Судьба гуманизма в XXI столетии

Специфика нашего исследования требует сочетания несочетаемого. Блуждая в лабиринтах давно забытых смыслов, мы не можем вообще никак не ориентироваться на спорные работы разного рода исследователей, занимавшихся до нас этими же самыми смыслами.

Но эти исследователи чаще всего не являются академическими. А значит, ориентируясь на них хоть в какой-то степени, мы рискуем, сами того не заметив, переместиться из сферы специфической научности в сферу художественной фантастики того или иного разлива.

Но если мы не рискнем и будем ориентироваться только на академические исследования, то гарантированно ни в чем не разберемся. Но главное даже не в этом. Главное в том, каким образом можно и должно вести отбраковку используемого материала. Где проходит граница между разного рода фантастическим новоделом, который категорически нельзя использовать в исследовании, и иным материалом, который необходимо использовать. Почему, к примеру, я считаю возможным использовать произведения Томаса Манна и категорически не желаю использовать произведения какого-нибудь Лавкрафта? Только ли потому, что Томас Манн — великий художник и великий философ, а Лавкрафт — среднекачественный фантазер?

Конечно, это имеет очень большое значение. Потому что великий художник, являющийся одновременно и великим философом, просто не может не обладать особого рода чувством собственного достоинства. В основе которого — благоговение перед Историей. Такое благоговение особо присуще великим художникам, являющимся еще и великими философами, в случае, если они сохраняют верность гуманистическим убеждениям. Поскольку Томас Манн не просто сохраняет верность этим убеждениям, но и посвящает себя развитию всего того, что связано с гуманизмом, он не может пренебрежительно относиться к истории. Он не может сказать себе самому: «Подумаешь! Изобрету-ка я здесь для услады читателя нечто этакое, никакого отношения к истории не имеющее, но легко выдаваемое за историю. Для вящей убедительности сошлюсь на несуществующие тайные рукописи. Ну пострадает при этом историческая достоверность — и что с того? В чем ее особая ценность? В том, что она повествует о реальном величии восходящего человека? Подумаешь, человек! Да нет в нем никакого величия! А раз его нет, то нет и никаких оснований для благоговения перед какой-то там историей какого-то обезьяноподобного презренного существа, зачем-то наделенного разумом».

Томас Манн так сказать не может. А Борхес — может. И Гессе может. И Майринк может. И... и... и...

А поскольку, вдобавок к этому, каждый великий гуманист, являющийся одновременно и писателем, и философом, просто не может не быть эрудитом, то гуманистичность Томаса Манна, сочетаемая с его, из этой гуманистичности вытекающей, основательностью, является дополнительной гарантией того, что мы не утонем в трясине безосновательных художественных фантазий.

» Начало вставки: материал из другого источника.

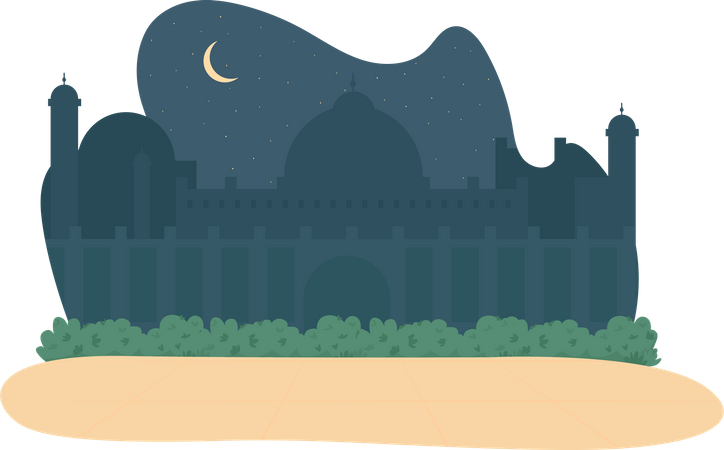 Night view from mosque  Illustration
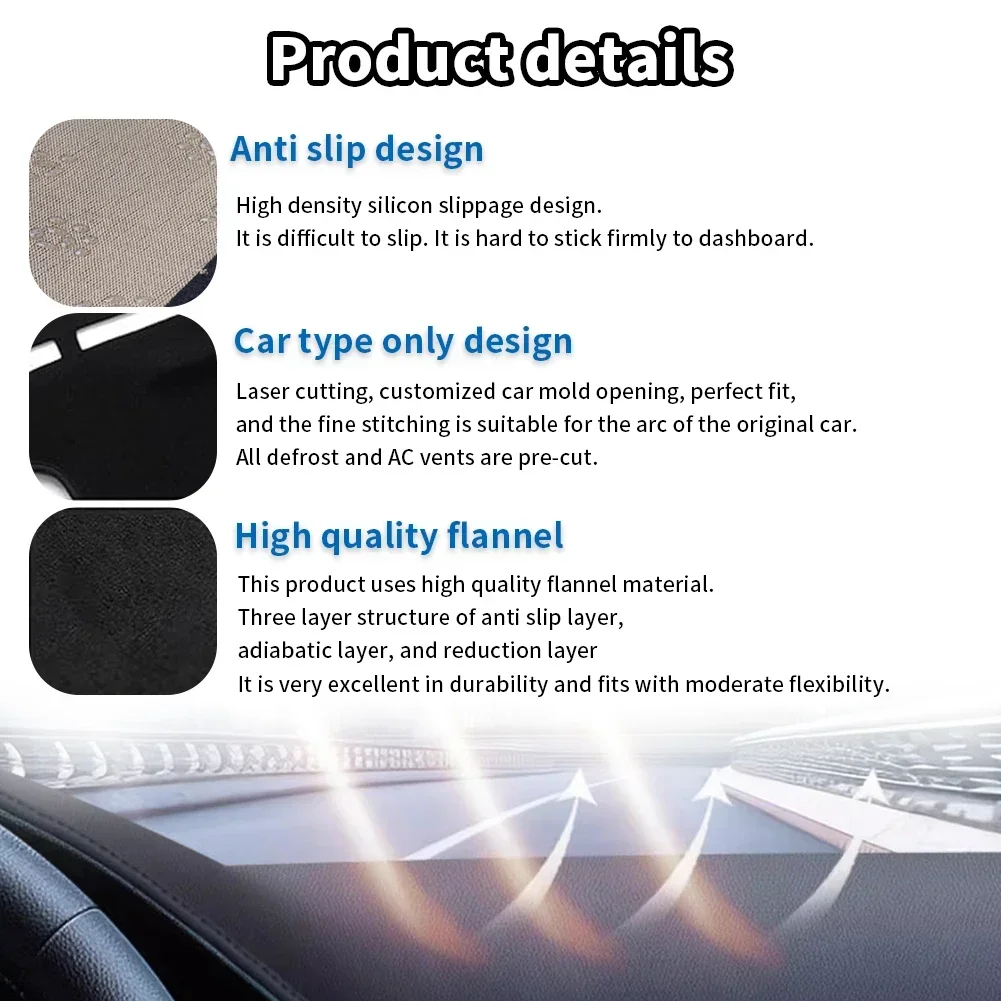 for Mercedes Benz C-Class W205 S205 A205 C205 Coupe Car Dashboard Cover Sunshade Non‑Slip Protector Dash Mat Interior Decor Pad view 4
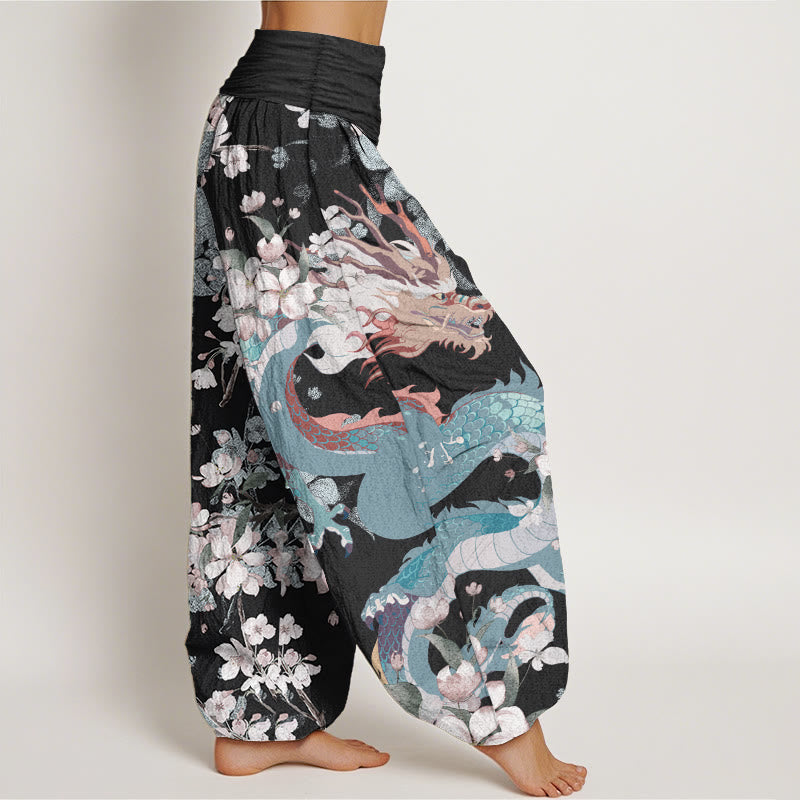 Buddha Stones Pure Cotton Casual Dragon Cherry Blossoms Women's Elastic Waist Harem Pants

И не окажемся смешными для самих этих фантазеров, которые в момент, когда мы начнем тонуть, будут нас, ухмыляясь, спрашивать: «А какого черта вы нам доверились?»

Черпая какие-то сведения из источников, не являющихся научными в полном смысле этого слова, мы, конечно же, должны сочетать использование этих источников с источниками другими, научными в полном смысле слова. Да, мы не сможем, в силу крайней специфичности предмета исследования, ограничиться использованием подобных источников. Но мы не имеем права не только пренебрегать ими, но даже уравнивать их с произведениями, сколь угодно серьезными, но в силу своей художественности просто обязанными вводить в свой образный ряд нечто произвольное наряду с тем, что можно назвать «исторически безусловным».

Бельгийский ученый Франц Валери Мари Кюмон (1868–1947) относится к числу очень немногих исследователей, безусловно авторитетных, не придававшихся фантазиям и достаточно широких для того, чтобы быть источником знаний, необходимых для проведения столь специфического исследования. Он и археолог, и философ, и специалист по истории религии. Причем во всех этих трех областях он — общепризнанный авторитет.

Кюмон учился сначала в Генте, потом — в Германии и Австрии. Потом ­— в Париже (в Практической школе высших исследований). В возрасте 24 лет Кюмон становится профессором классической филологии и античной истории в Гентском университете. Специфика исследований Кюмона, слишком много занимавшегося всем тем, что церковь веками вычеркивала из истории западных смыслов, породила недовольство так называемого католического лобби. Под давление этого лобби министр образования лишает Кюмона права руководить кафедрой Римской истории. При этом книга Кюмона «Восточные религии в римском язычестве» имела грандиозный успех в кругах настоящих специалистов.

Никакой конфронтации с христианством как таковым в работах Кюмона не было и в помине. Кюмон был очень дружен с католическими модернистами своего времени. Его работы вызывали недовольство только самой ортодоксальной части католического лобби.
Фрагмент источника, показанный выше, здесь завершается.